本日の一言   

1998/11/23

青木ケ原樹海を初踏破


この夏、富士山に登ったのでもう当分富士山とは関係ないだろうと思っていたら、「ねぇ、富士山麓の青木ケ原樹海へ行ってみない?」と仲間から声がかかってきた。「えっ、あの鬱蒼たる樹海のことかい?」「そうだよ、結構スリルがあって面白というよ」「だって迷い込んだら磁石も利かず同じところをぐるぐる回ってやがて行方不明になるというじゃない」−−。

そんな会話があった後、ほぼ3ケ月後の11月8日朝6時半、我々有志一同は静岡駅近くの指定場所に集まり、仲間が所有しているワンボックスカーに乗り込んだ。目指すは富士五湖のうちの精進湖である。途中、オームで一躍有名になった上九一色村なども横目で眺めていく。朝霧高原というだけあって朝方のこの一帯は霧が立ち込めなんとなく幻想的かつ妖しげな風景の連続だ。

やがて精進湖に到着、湖畔で一服していると別口で出発した仲間が家族連れで合流、これで先発組と合わせ9名となった。「では、樹海の入り口まで車2台で行き、皆が降りた後クルマ1台を樹海の出口側に持っていくことにしましょう」と、仲間のうちの2名がそんな会話をしたかしないかのうちに2台のクルマが相前後してスタートした。精進湖の霧がじわじわと明けていく朝の一コマであった。

「樹海の中の道なき道を歩いて行くのに我々の出て行く先がわかるんですか?」−−そんな質問が誰かから出た。すると「大体うまく行けると思いますよ」−−とツアーのリーダー格の人がそう答えた。皆に不安を与えないような発言だったが、その横には「命は親から頂いた大切なもの、もう一度静かに両親や兄弟、子供のことを考えてみましょう。」という警察名の入った看板が立っていた。

「こんな看板が立っていると余計不気味ですね」−−誰かが皆の心情を察してそう呟いた。その発言が図星だったせいか仲間諸氏はいつものように軽口を叩かず、改めて看板を見直した。「あそこに白い紐が密林の方に伸びて行っているでしょう、あれは捜索隊の目印なんです」−−リーダー格の人はそう付け加えた。捜索範囲を指定すると同時に自分たちの帰途の目印でもあるそうだ。

「やはり、入るのは止めた方がよさそうだな」−−冗談とも本音ともつかぬ言葉がどこからとなく聞こえてきた。リーダー格の人以外は誰もがそれを口にはしないもののまさに同感といった感じだった。薄暗い林の中に曲がりくねって伸びていく白い紐、今にも事件に直面しそうな警察名の看板−−それを見つめているとますます不安と緊張感が高まってきた。
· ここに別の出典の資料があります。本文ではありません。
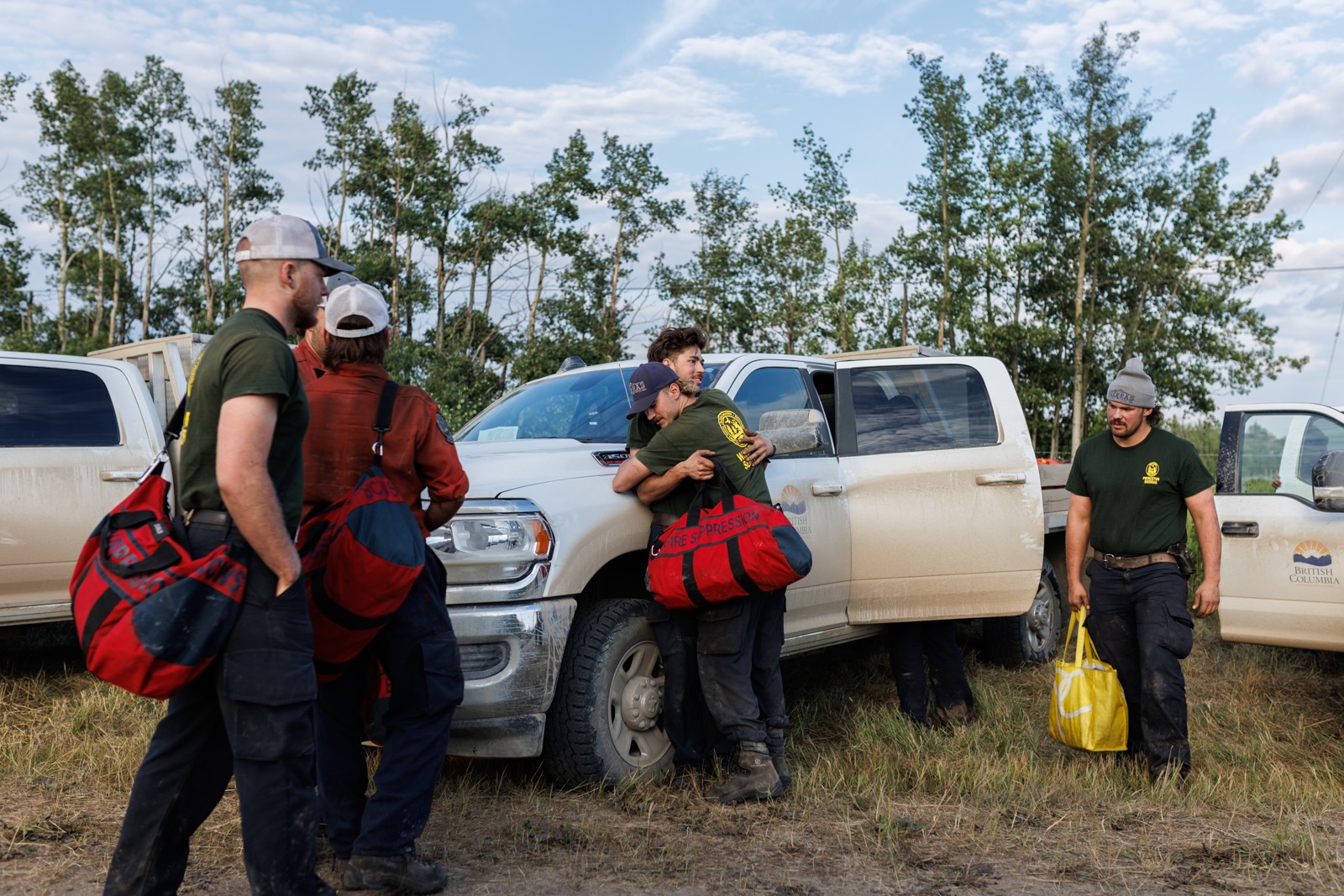 BC wildfire: Two firefighters hug as others, with bags slung over the shoulders stand nearby a group of trucks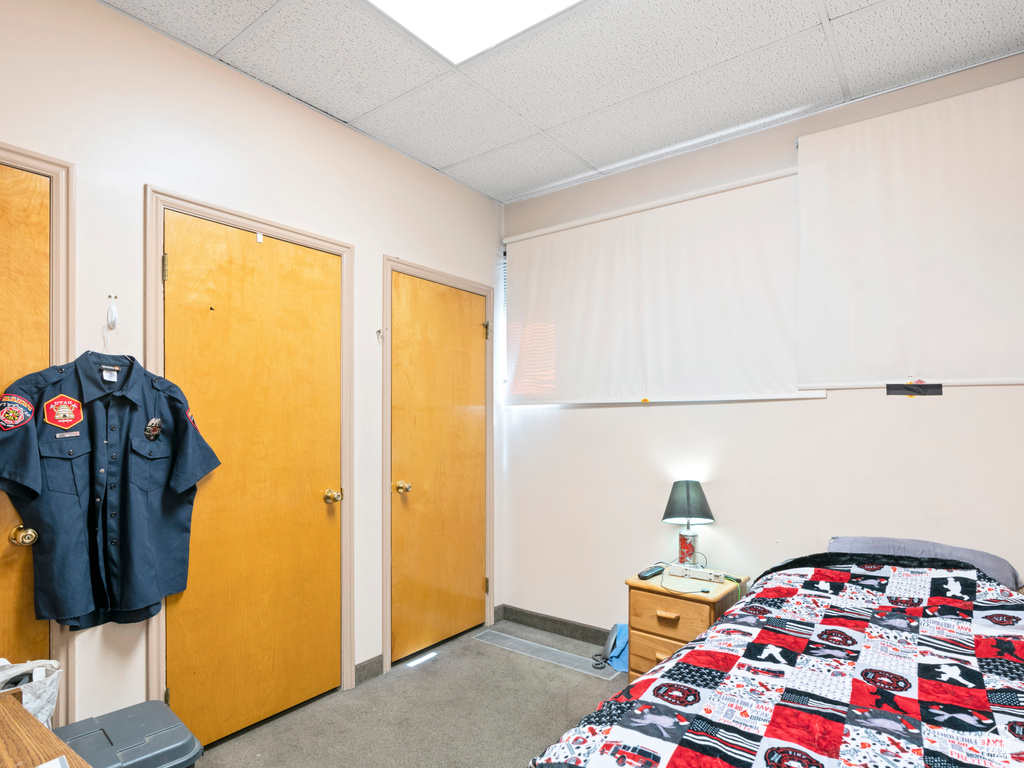 Bedroom featuring baseboards and a paneled ceiling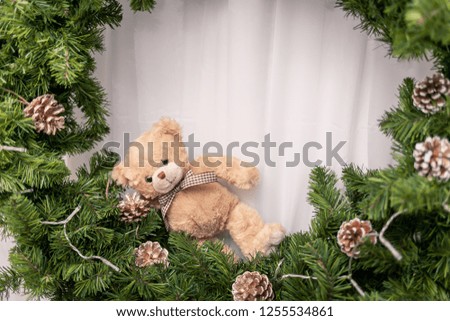 Little bear toy sitting on a pine wreath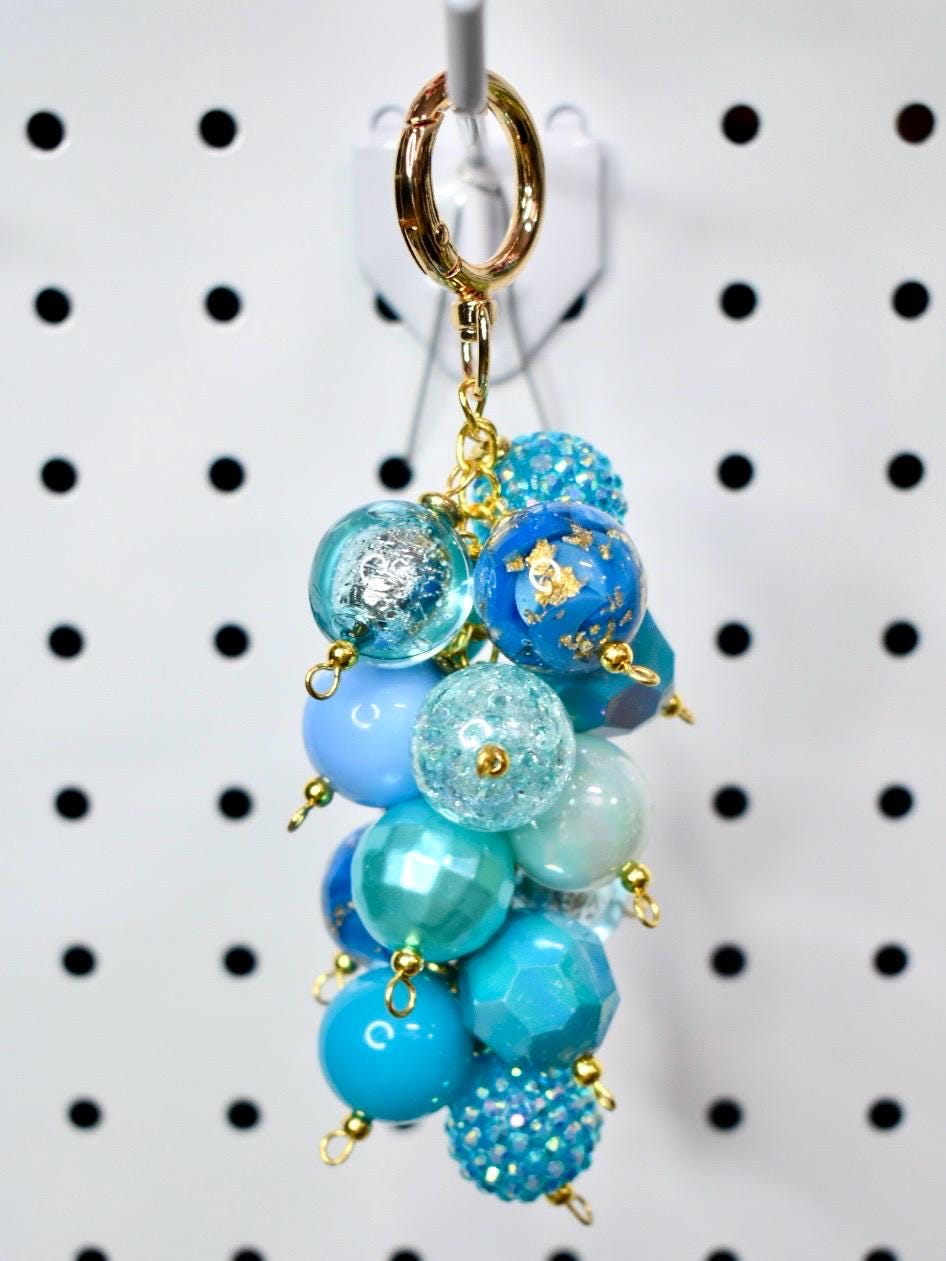 A cluster of blue beaded charms hangs from a gold-colored keychain clasp. The beads vary in shades of blue, including light blue, turquoise, and navy. Some beads have glitter or gold leaf accents. The keychain is suspended against a white background.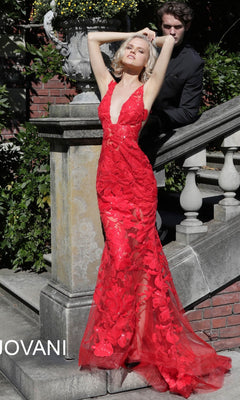 A woman in a red, floor-length Jovani Embroidered Long Prom Dress with Sequins featuring floral embroidery and a deep V-neckline stands on stone steps beside a man in a black suit.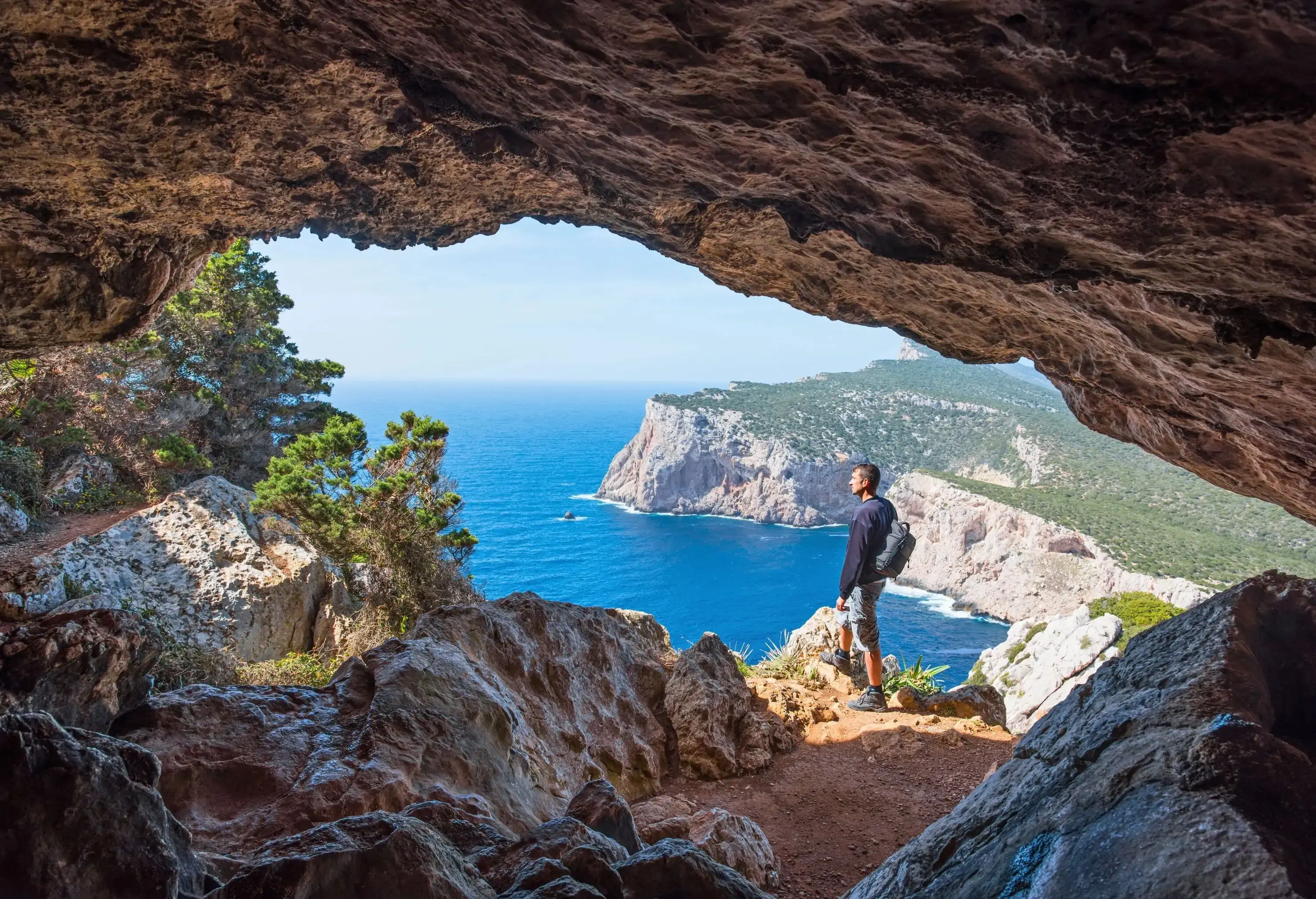 A male hiker standing along the edge outside of a cave overlooking the blue sea.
と、目を醒まさせるかのようにブブーンという排気音を鳴らして先ほどの車が1台帰って来た。そして「バタン」と大きなドアの音をさせながら、「さあ出かけましょう」とそのドライバーは言った。一同はリュックを背負い直し、その人の後ろをついて行くことになる。鬱蒼たる茂みの中を不安を押し隠すような行進だ。「大蛇が出てくることはありませんか」−−そんな質問がまだ出ていた。

「そうですね、はぐれるといけませんからここらで歩行順位だけは決めておきましょう」−−リーダー格の人が頃合いをみて声をあげた。「トップはあなた、しんがりは一番若いあなた、私は真ん中で、あとは適当に順番を作って、但し、お互いの前後だけは憶えておいてください」−−急にその説明が重みを増してくる。「足元には気をつけてください、深みにはまらぬように」ー説明を聞きながら行進開始。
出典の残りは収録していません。